This issue of the African Human Rights Law Journal contains articles focusing on law and religion in Africa. These contributions were presented as papers at the first annual multi-national conference on law and religion in Africa, hosted by the Faculty of Law, University of Ghana, in 2013. The papers were subsequently converted into articles, and revised and reworked after undergoing peer review. This is the second time that the ‘special focus’ part of the Journal is devoted to the theme of law and religion (see (2008) 8 AHRLJ 337-595 for the previous focused edition), and marks the continued interest in and growing concern for issues pertaining to law, religion and human rights in Africa.
The thematic scope of the contributions is canvassed in a ‘foreword’, in which the articles are placed in context and summarised. As readers would notice, the majority of these contributions deal with the situation in Nigeria, a country in which ethnic and geographic fault lines largely coincide with differences in religion. This issue appears against the background of religious fundamentalism and abuse of religion for ideological posturing and violence, as perpetuated by Boko Haram in the northern parts of Nigeria.

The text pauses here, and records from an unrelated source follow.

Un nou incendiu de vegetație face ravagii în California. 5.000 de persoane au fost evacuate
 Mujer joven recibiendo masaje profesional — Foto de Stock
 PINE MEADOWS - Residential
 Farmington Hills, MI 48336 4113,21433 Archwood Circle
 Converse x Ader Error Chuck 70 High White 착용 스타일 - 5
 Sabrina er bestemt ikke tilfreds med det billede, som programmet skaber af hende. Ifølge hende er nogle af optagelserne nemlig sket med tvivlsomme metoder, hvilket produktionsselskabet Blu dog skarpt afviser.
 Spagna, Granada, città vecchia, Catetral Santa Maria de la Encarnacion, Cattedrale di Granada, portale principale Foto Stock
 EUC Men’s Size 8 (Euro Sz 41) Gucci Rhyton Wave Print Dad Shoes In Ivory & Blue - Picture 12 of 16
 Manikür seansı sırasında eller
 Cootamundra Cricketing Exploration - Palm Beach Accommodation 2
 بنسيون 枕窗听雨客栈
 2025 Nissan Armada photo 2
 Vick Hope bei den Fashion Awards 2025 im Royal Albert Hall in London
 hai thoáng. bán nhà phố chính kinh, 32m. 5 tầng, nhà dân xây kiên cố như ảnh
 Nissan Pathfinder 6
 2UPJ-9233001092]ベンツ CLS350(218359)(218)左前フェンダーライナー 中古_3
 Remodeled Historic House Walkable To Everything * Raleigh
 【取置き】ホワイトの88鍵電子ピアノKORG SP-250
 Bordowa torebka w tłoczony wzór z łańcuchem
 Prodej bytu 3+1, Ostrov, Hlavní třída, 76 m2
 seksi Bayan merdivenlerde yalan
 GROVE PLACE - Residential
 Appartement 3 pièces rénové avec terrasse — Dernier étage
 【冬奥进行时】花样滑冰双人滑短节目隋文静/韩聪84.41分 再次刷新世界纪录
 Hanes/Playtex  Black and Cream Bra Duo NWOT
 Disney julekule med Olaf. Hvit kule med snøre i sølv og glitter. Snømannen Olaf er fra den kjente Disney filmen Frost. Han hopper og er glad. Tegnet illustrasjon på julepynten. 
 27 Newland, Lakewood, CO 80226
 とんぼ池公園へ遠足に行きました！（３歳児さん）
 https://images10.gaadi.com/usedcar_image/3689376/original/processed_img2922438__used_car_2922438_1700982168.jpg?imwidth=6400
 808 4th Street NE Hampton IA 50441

This harsh reality underscores the need for quiet and rational reflection on the relationship between the sacred and the secular, particularly in Africa.
Covering multiple viewpoints, departing from different premises and being grounded in a variety of disciplines, the contributions in the special focus section make a considerable contribution to scholarship on this important theme.
The guest editor for the special focus edition is Dr Christian Green, Senior Fellow at the Center for the Study of Law and Religion, Emory University in the United States. The editors of the Journal thank the guest editor for the easy professionalism which characterised our collaboration.
This issue of the Journal contains a limited number of other articles, covering a wide range of themes. In his article on gender-based violence among men in Malawi prisons, Kangaude addresses issues related to sexuality that are often silenced in Africa, such as conjugal visits, masturbation and consensual sexual intercourse between male prisoners. Novak traces changes in the legal regime permitting the imposition of capital punishment in Southern African states, and identifies an evolution towards the abolition of the doctrine of extenuating circumstances, which placed an onus on the accused to show why he or she should not be executed. Thabane’s contribution criticises the United Nations Protect, Respect and Remedy Framework and Guiding Principles for failing to adequately articulate the circumstances under which multi-national corporations can be held liable under the laws of their home states.
As has become customary, an overview is provided of human rights developments within the African Union. Covering the issues of major importance arising in 2013, Killander and Nkrumah express concern about the lack of engagement by AU political organs in human rights in Africa. This contribution also mentions the draft protocol aimed at bringing into being an African judicial authority competent to adjudicate international crimes. This edition of the Journal appears as the issue remains on the AU’s agenda. Our view is that, whatever its merits or demerits, such a court should not erode the functioning and prospects of the fledgling African Court on Human and Peoples’ Rights, and should not become a shield to deflect the imperative of accountability - especially of those in positions of political power on the continent.
The editors convey their thanks to the independent reviewers mentioned below, as well as the anonymous reviewers used for the special focus section, all of whom so generously assisted in ensuring the consistent quality of the Journal: Adem Abebe; Akinola Akintayo; Gina Bekker; Romi Brammer; Pierre Brouard; Helene Combrinck; John Dugard; Josua Loots; Bonita Meyersfeld; Bhekinkosi Moyo; Lukas Muntingh; Tarisai Mutangi; Charles Ngwena; and Emerson Sykes.